Assim que foi nomeado ministro, em julho de 2020, o titular da Justiça iniciou investigações administrativas contra um juíz de instrução, anteriormente sediado em Mônaco e, em seguida, contra três magistrados da Procuradoria Financeira Nacional.

Eric Dupond-Moretti teria sido alertado várias vezes sobre possíveis acusações de conflitos de interesse, mas teria optado por continuar os processos administrativos. Em sua defesa, ele afirma que os procedimentos foram iniciados antes de sua chegada ao Ministério e que ele teria simplesmente cumprido recomendações de seus departamentos quanto às ações tomadas.

Os juízes investigadores do Tribunal de Justiça da República francesa apontaram que o ministro era um renomado advogado criminalista, não um amador, alegando que ele sabia que teria sido suficiente um pedido para ser retirado desses casos para que os mesmos fossem tratados pelo escritório do primeiro-ministro. No entanto, Eric Dupond-Moretti só tomou tal atitude em outubro de 2020.

Situação inédita minimizada pelo Executivo

Essa situação, sem precedentes na história da França, é minimizada pelo Executivo, que tem reiterado constantemente que ele ainda é "presumivelmente inocente". A primeira-ministra francesa Élisabeth Borne manteve sua "total confiança" em Dupont-Moretti no final de julho, durante um remanejamento no goveno e logo após o Tribunal de Cassação validar o encaminhamento o ministro ao Tribunal de Justiça da República. 
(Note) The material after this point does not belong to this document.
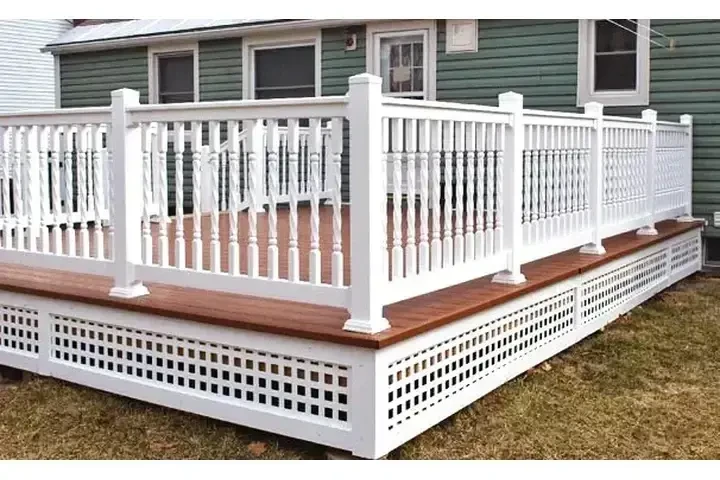 CONSTRUCCIÓN EN GENERAL image 7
Eric Dupond-Moretti também saiu fortalecido depois que seu principal projeto de lei de programação da Justiça foi aprovado sem grandes dificuldades no Parlamento, em outubro. Mas se for condenado, terá que renunciar. Essa "regra é clara", disse a primeira-ministra há algumas semanas.

Na segunda-feira, o ministro da Justiça descreveu seu julgamento como uma "infâmia" para ele e para aqueles "próximos a ele", em sua primeira aparição perante o Tribunal de Justiça da República (CJR).
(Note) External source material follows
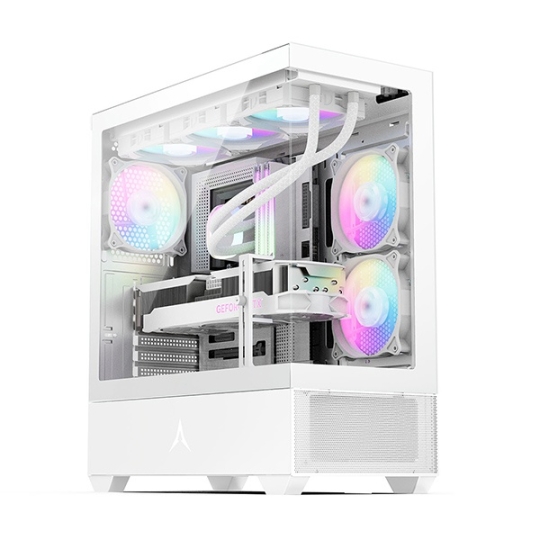 PC I5-14500/16GB/1TB/RTX3060 12GB/800W NEW 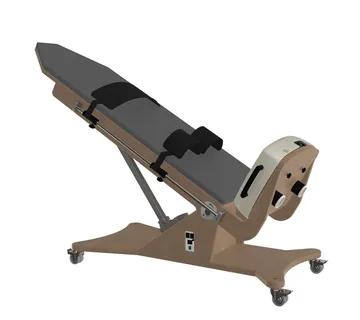 GALILEO DELTA A  - cover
"Até as últimas horas, eu não havia me defendido", disse o ministro ao tribunal, "basicamente para que meu ministério e minhas ações não fossem manchados". "Pretendo me defender com dignidade, integramente, mas pretendo me defender com firmeza", bradou.

"Sou advogado há 36 anos, alguns advogados me criticaram por não ser mais advogado, e alguns magistrados [me criticaram] por ter sido", apontou o acusado.

Jorge Mendes, advogado franco-lusitano em Marselha, disse à RFI que o caso pode colocar em xeque a credibilidade da Justiça francesa:

"Vamos ver os deputados o que vão falar. O ministro vai criticar os deputados que são políticos e isto não vai fazer bem à imagem da Justiça na França. Dupont-Moretti nunca deveria ser julgado por políticos [...] Isto pode abrir uma grande crise na França com este confronto entre a Justiça e a política. Eu não acredito que os deputados vão conseguir ultrapassar a sua posição política, com extrema-direita e extrema-esquerda [...] e vai ser um circo muito grave para Justiça", indicou o advogado francês de origem portuguesa em entrevista à RFI.

A audiência de segunda-feira será retomada na terça-feira (7), com o interrogatório de Eric Dupond-Moretti. Seu julgamento está programado para durar até 16 de novembro, e espera-se que a decisão do CJR seja levada em consideração.